We spent Christmas Eve in Manhattan checking out the big Rockefeller Center tree. Then we went to Top of the Rock. The views were spectacular and the set up is very nice, much better than the cramped Empire State Building. You can watch inside or outside but I got a little freaked out holding Owen outdoors on the 70th floor. I kept having visions of a wind gust blowing him away.

After that we went to Grand Central Station to check out the excellent train show at the Transit Museum store and see the ceiling light show.

Christmas itself was a lot of fun. I think we all cleaned up. Gwen loved her many princess products and her new Magic School Bus and Marvel Adventures: Fantastic Four books. I think The Wife loved her new necklace, 30 Rock TGS t-shirt and boots (later exchanged). I got a pair of slick shoes (later exchanged), a Sidney Crosby t-shirt and some great books. I think Owen liked his gifts, at least I know Gwen likes playing with them.

This was the first year in memory that nobody got any DVDs instead we got a Roomba. The entire family watches it's hour-long cleaning excursions through the apartment. Will it suck up the tree skirt? Can it get over the rug? Will it find Owen's mess under the dining room table? Why won't it go into Gwen's room. Truly, fun for the entire family and Gwen loves having a robot in the family.

Another highlight was this set of small statues of U.S. presidents from our friend, Dave. As you can see, we love it.

Check out the detail.

Anyway, besides the orgy of gifts the family has been spending lots of time together and generally taking a break after an exhausting year.
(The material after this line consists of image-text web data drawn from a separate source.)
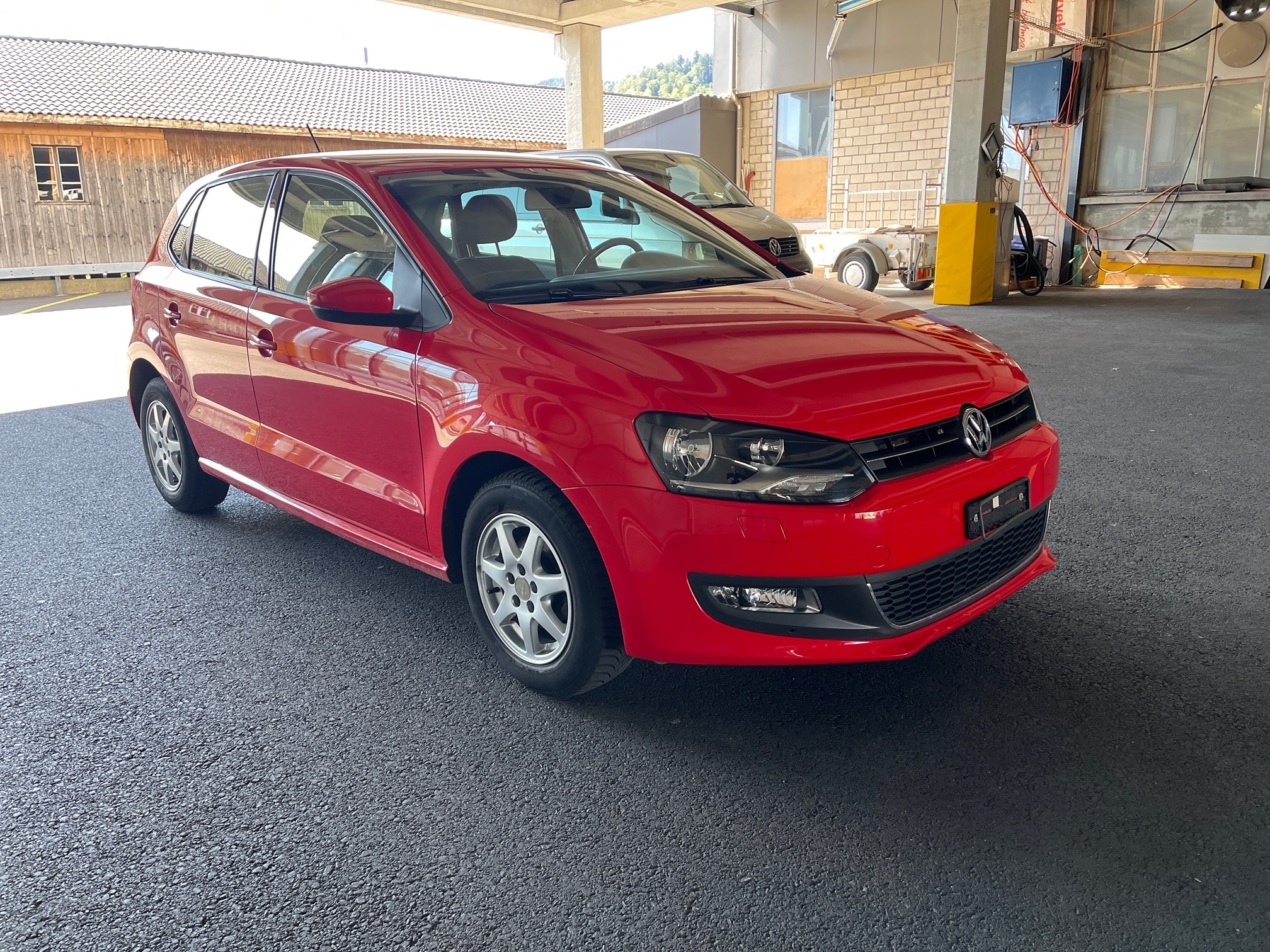 VW POLO 1.2 TSI — zdjęcie 4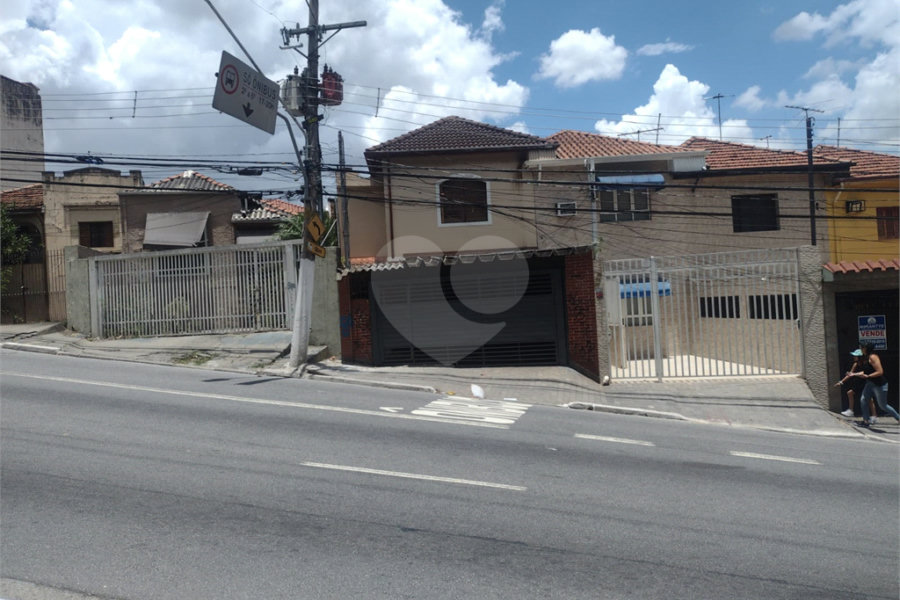 Sobrado à venda com 5 quartos, sendo 1 suíte, em Tucuruvi, São Paulo, SP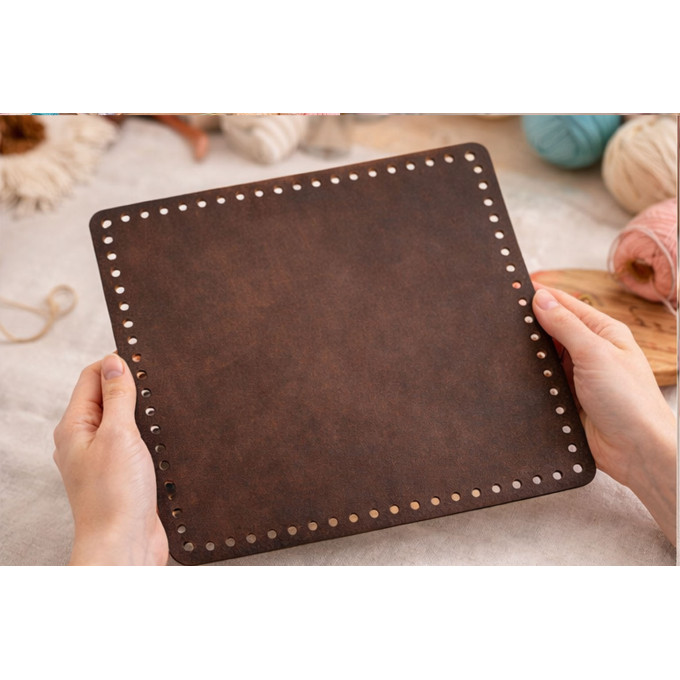 Basket bottom square shape 16 inch 40 cm digital file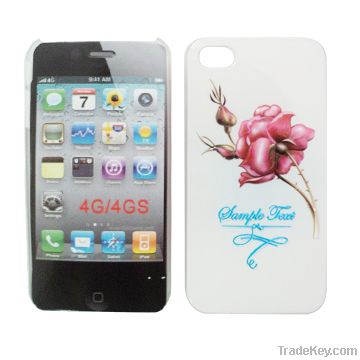 For iPhone 4S 3D In-moulding Protector case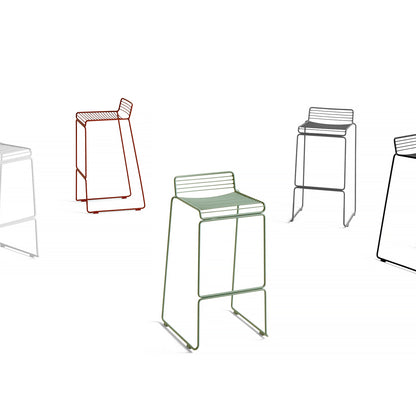 Hee Bar Stools - 75 cm all colours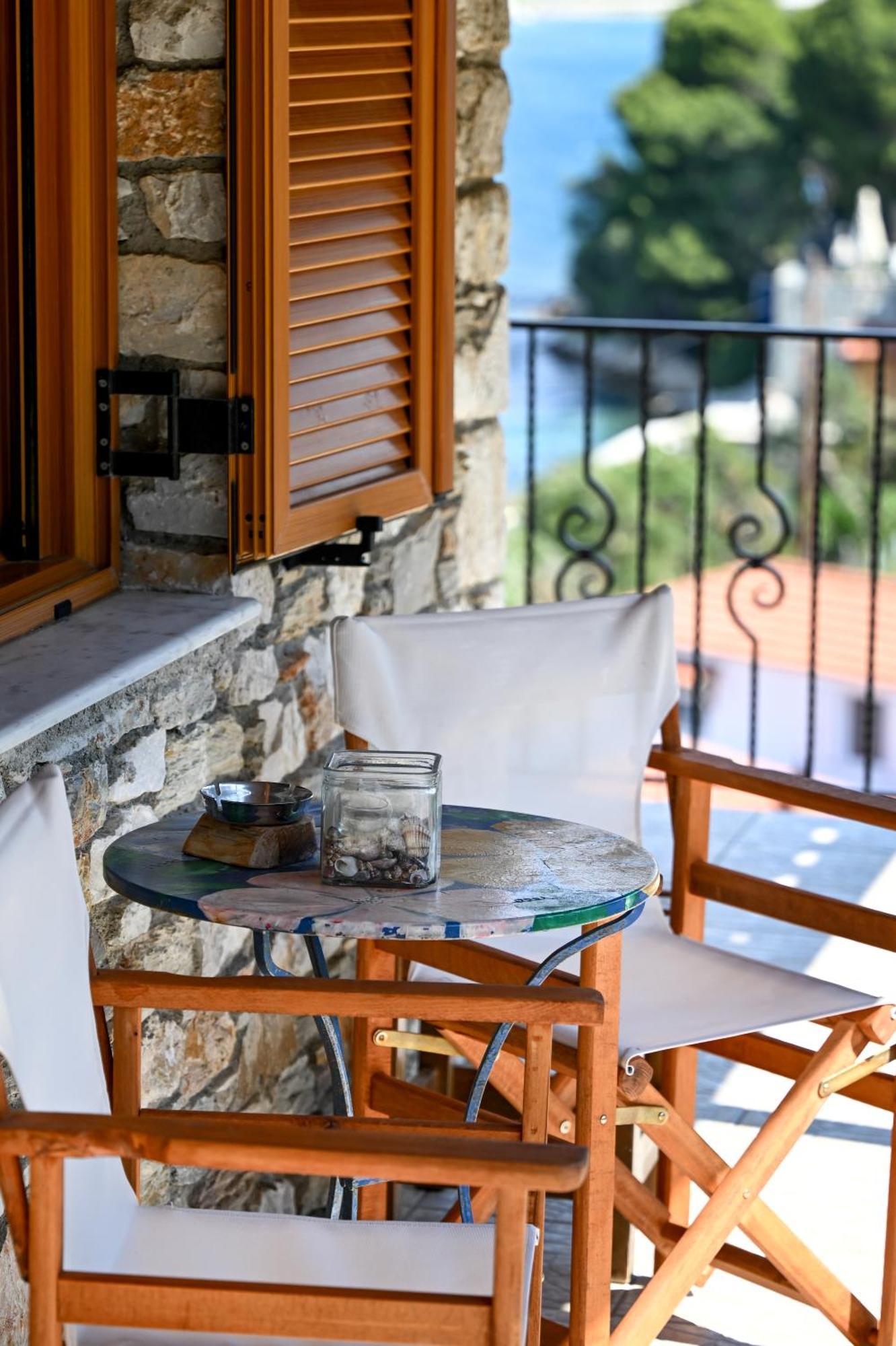 Villa Lazareta Punta Esterno foto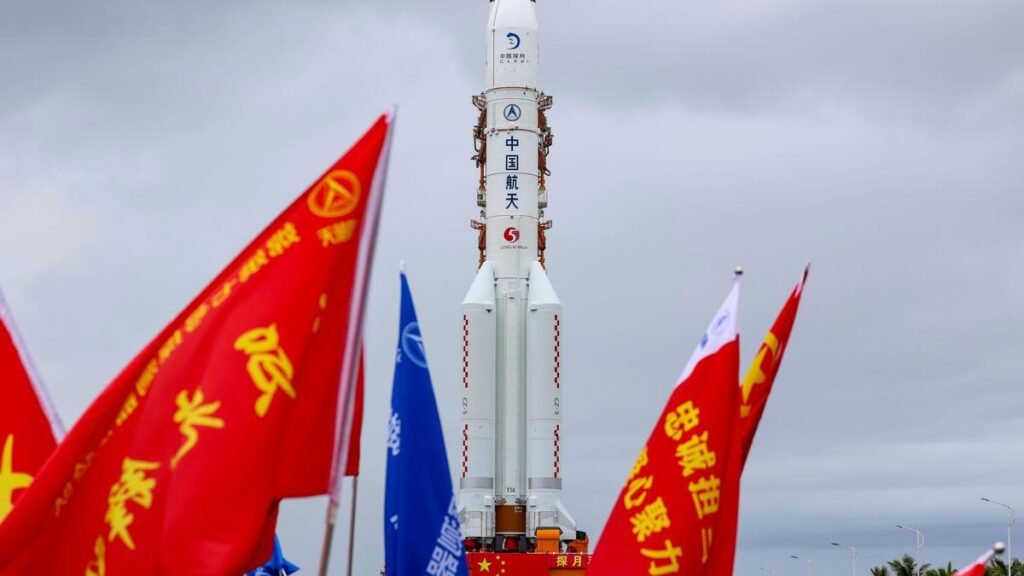 What is a launch window?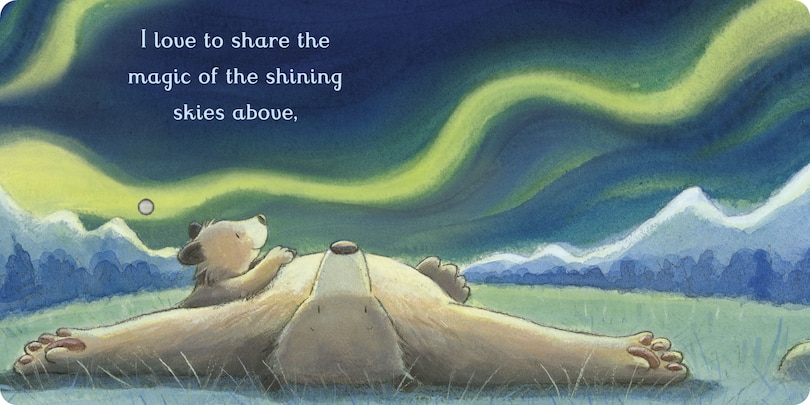 Sample content 2_I Love You to the Moon and Back Recordable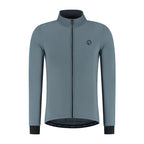 Rogelli SIGNATURE long sleeve t-shirt, gray S Rogelli/Rower/Men/Koszulki Długi Rękaw Your Sports Performance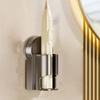 3Pcs Reusable Toothbrush Storage Base Wall Mounted Toothpaste Storage Rack  Bathroom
Hope you had a great holiday, too.

Wednesday, December 19, 2007

I Kinda Totally Screwed Up My Secret Santa

This year I was doing great with my secret Santa gift. Last night I quickly took up The Wife's offer to regift her secret Santa present from her office. It was some hot chocolate and a little thing of coffee in a Godiva bag with some tissue paper on top. It was perfect. But then the combination of Jewish and Catholic guilt that has wrecked my life took over and I decided I needed something else, like a tumbler. So, I went to Starbuck's today and found a create-your-own tumbler thingie. After a short wait behind an older women who was having some problems with her gift card (I used every ounce of mental strength I possess to block out the details) I brought my mug to the regsiter. The barista asked me if I wanted coffee. Foolishly, I said no and explained I was buying the tumbler. The barista laughed and said he didn't even know they sold those. Then I realized I'd blown it. I could have gotten the tumbler for the price of a venti coffee only I would have gotten the coffee too. Then I could just wash the mug and include it with my secret Santa present. It would have topped Elain Benes' Boggle Bar Mitzvah gift on the chaep scale. It would have been awesome but I blew it.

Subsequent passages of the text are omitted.